As well as some of the mundane assignments, like producing sports, news and public affairs programs, dad produced a string of "outdoors" shows. There was "Game Country", with Paul St Pierre -- the basic huntin'-shootin'-n-fishin' show -- "The Outdoors", with Bob Fortune, known through the 50s and 60s in Vancouver as "The Weatherman" for his nightly appearances on CBC News with his blackboard map and oversized chalk; and "The Open Road", which featured the travels of Ches Lyons, a BC Parks official who shot a lot of 16mm footage of his adventures in BC's backcountry. There was also "The Web of Life", with Dr Ian McTaggart-Cowan, talking about science and nature.

Dad's idea of an outdoors show had nothing to do with huntin'-shootin'-n-fishin'. I don't think he's ever defined it, but I'd define it as the interaction of man and his environment: living with, rather than overpowering it. As an evangelist, I'd take it a step further, towards understanding God's creation and the amazing responsibility and trust He's placed in us to take care of it.

In the early 60s, dad launched a new show that intended to do that, and more or less married the concepts of the last three. KLAHANIE is a Chinook word (Chinook is an extinct dialect of English, French and local native Indian words, which was the trading language of the west coast about 100-150 years ago), meaning "The Great Outdoors". Much of the material was shot by amateur cinematographers, and masterfully edited together by CBUT's finest -- including Fran Rayner, Bill Burns and Don Cummings -- and knit together with studio interviews with the guest and the host -- at first Fortune, later Don White, and occasionally Lyons as well as a number of staff announcers.

KLAHANIE pre-dates and in fact pre-saged "The Nature of Things", "Man Alive", and anything by David Attenborough, Jacques-Yves Cousteau, National Geographic or anything on the Discovery Channel. It broke new ground for viewers, and the fact that it ran for 13 seasons indicates the viewers were more than willing to go there.

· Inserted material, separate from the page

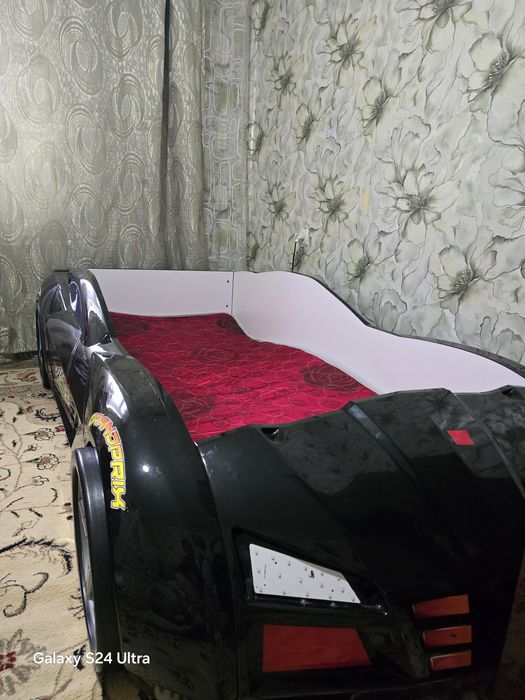 Продаётся кроватка б/у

If anyone wanted to know the essence of KLAHANIE ... I'd say this film clip sums it up. Dad has always been intrigued by movement and setting it to music (he had an unrealized dream of dressing Gordie Howe in something that showed his physique and filming Gordie skating, capturing the muscle definition and movement), and he got this idea to get footage of a horse and rider and set it to the KLAHANIE theme music, Virgil Thomson's "The Plow That Broke The Plains". So he tasked film photographer John Seale to go out to Maple Ridge to shoot the film. The result was a team effort -- as credited in Don White's voiceover at the beginning -- of concept, film and editing.

I get a wistful feeling from watching this. Not only does it show a simpler time and a link to my childhood (I used to cheer whenever I saw "Produced by Andy Snider" on the closing credits), but it occurs to me that this lovely bucolic location is probably buried under condo developments now.

One other personal note: when the CBC Pioneers Association held a party in 2004 to celebrate the 50th anniversary of CBUT going on the air, they showed a selection of clips from the station's history. This was used as the finale. I remember how dad just beamed at the thought, and how the people at the party enjoyed talking and interacting with him as CBC producers, staff and talent. All my life, I'd seen dad in the shadow of my mother, and he was proud of being known as "Mr Dorothy Davies". Finally, he was getting a measure of recognition for his own work.